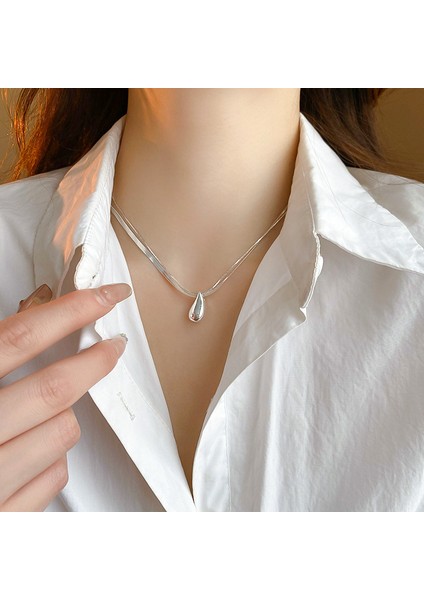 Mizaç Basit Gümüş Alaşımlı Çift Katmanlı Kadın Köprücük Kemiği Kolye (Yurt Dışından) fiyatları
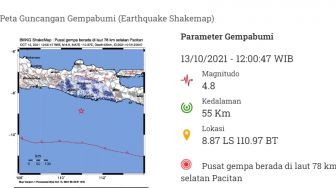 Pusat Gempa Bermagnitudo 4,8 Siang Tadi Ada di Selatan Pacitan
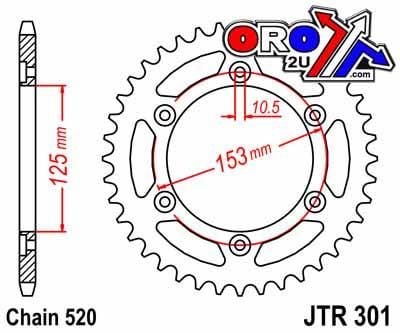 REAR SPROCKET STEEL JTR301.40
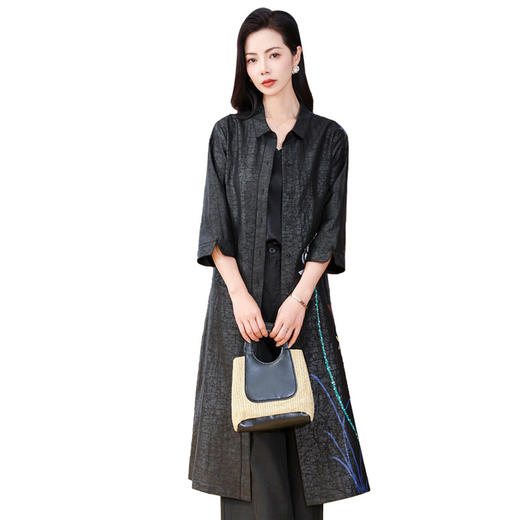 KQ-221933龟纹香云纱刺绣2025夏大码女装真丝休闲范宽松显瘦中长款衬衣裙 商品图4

══════════════════════════════

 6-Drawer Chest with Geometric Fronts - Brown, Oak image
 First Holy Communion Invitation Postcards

══════════════════════════════

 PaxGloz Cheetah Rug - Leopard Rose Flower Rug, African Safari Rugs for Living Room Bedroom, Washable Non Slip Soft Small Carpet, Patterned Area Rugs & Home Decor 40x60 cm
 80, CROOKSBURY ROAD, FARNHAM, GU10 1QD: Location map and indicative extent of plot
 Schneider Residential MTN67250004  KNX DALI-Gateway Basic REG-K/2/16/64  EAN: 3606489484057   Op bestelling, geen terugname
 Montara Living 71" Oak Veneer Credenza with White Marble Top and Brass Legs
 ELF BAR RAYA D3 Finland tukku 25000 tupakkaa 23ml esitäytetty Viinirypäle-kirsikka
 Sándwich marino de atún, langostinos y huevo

══════════════════════════════

> TASK
Beginning with the line holding "Mizaç Basit Gümüş" in the material above, restate word for word each line through the line holding "KQ-221933龟纹香云纱", and exclude pictures.

> THE COMPLETED TASK
 Mizaç Basit Gümüş Alaşımlı Çift Katmanlı Kadın Köprücük Kemiği Kolye (Yurt Dışından) fiyatları
 Pusat Gempa Bermagnitudo 4,8 Siang Tadi Ada di Selatan Pacitan
 REAR SPROCKET STEEL JTR301.40
 KQ-221933龟纹香云纱刺绣2025夏大码女装真丝休闲范宽松显瘦中长款衬衣裙 商品图4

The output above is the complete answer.